▶ _What you should do_: Scan the data below for the string "Pure". Show every line where it turns up.

▶ _Raw data_:
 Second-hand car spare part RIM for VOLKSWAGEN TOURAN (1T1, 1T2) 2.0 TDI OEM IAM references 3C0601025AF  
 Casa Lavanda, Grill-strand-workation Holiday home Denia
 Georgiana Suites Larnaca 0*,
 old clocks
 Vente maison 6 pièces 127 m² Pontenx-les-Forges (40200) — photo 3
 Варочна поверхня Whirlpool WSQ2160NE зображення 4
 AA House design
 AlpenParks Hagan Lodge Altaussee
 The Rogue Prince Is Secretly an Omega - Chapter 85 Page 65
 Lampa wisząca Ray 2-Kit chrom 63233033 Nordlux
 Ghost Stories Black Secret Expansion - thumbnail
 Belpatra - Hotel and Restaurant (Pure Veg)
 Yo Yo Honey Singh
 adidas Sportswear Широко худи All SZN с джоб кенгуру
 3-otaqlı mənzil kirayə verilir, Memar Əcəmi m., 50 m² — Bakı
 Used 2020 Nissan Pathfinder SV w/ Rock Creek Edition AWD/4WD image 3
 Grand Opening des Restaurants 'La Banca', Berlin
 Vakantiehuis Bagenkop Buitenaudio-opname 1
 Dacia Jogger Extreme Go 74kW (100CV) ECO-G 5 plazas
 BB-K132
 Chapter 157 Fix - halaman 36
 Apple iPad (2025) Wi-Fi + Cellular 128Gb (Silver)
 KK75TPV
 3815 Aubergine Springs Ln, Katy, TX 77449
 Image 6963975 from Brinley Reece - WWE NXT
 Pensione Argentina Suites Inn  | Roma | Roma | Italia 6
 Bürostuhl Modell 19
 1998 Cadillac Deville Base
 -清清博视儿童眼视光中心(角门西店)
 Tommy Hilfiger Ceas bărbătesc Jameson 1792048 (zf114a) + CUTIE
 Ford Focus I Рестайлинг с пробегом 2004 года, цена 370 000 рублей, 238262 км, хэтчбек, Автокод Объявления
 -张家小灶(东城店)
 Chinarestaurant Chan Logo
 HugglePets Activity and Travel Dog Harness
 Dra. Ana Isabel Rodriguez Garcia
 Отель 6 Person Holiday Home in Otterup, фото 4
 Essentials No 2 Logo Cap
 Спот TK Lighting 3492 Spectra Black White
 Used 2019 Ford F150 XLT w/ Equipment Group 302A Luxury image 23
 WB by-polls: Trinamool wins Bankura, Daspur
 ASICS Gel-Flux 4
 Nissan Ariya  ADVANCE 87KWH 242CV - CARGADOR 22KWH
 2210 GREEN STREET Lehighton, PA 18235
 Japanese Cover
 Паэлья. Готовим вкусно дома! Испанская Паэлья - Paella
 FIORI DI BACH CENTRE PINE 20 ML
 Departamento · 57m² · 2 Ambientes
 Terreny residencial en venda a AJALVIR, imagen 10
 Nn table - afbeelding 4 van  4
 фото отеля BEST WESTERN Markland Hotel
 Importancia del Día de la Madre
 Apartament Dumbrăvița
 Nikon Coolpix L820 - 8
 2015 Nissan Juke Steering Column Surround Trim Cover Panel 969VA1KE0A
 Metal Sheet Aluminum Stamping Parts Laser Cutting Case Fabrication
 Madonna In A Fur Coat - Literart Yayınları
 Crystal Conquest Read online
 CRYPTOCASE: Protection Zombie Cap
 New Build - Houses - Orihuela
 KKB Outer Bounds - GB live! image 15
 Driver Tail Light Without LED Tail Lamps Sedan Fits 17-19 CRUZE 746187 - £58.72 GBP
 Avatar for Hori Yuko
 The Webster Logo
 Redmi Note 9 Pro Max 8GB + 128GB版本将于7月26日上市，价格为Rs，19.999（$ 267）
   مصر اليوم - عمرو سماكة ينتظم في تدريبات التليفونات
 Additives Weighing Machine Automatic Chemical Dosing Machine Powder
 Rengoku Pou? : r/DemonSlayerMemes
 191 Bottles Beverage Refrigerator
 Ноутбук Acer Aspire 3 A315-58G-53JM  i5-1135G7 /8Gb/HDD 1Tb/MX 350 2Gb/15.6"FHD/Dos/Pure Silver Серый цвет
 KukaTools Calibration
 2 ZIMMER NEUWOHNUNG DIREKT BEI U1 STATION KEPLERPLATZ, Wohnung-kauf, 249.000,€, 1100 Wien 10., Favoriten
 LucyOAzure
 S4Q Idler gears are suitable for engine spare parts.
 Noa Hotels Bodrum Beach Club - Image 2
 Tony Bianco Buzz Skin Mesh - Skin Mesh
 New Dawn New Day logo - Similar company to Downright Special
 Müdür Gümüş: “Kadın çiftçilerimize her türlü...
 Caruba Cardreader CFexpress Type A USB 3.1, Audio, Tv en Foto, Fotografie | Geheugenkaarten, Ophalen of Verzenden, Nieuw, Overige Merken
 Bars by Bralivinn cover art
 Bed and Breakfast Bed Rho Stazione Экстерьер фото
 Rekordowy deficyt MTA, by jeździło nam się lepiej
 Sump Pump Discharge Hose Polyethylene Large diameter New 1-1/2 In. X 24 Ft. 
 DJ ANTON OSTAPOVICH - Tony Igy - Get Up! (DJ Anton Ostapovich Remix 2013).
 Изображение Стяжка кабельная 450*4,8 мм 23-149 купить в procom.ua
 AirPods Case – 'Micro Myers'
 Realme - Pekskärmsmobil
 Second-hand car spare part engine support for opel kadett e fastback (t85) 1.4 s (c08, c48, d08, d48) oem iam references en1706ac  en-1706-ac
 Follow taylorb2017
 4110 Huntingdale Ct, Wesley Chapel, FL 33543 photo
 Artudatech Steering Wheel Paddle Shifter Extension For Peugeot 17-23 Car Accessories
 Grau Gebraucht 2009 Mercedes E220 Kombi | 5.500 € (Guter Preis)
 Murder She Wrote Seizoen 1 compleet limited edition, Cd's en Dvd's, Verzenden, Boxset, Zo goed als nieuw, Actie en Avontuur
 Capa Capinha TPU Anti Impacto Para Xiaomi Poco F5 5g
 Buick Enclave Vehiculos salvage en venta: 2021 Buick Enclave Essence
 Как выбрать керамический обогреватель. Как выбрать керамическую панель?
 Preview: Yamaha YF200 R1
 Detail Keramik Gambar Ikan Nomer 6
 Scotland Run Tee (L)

▶ _Reply to the exercise_:
 Belpatra - Hotel and Restaurant (Pure Veg)
 Ноутбук Acer Aspire 3 A315-58G-53JM  i5-1135G7 /8Gb/HDD 1Tb/MX 350 2Gb/15.6"FHD/Dos/Pure Silver Серый цвет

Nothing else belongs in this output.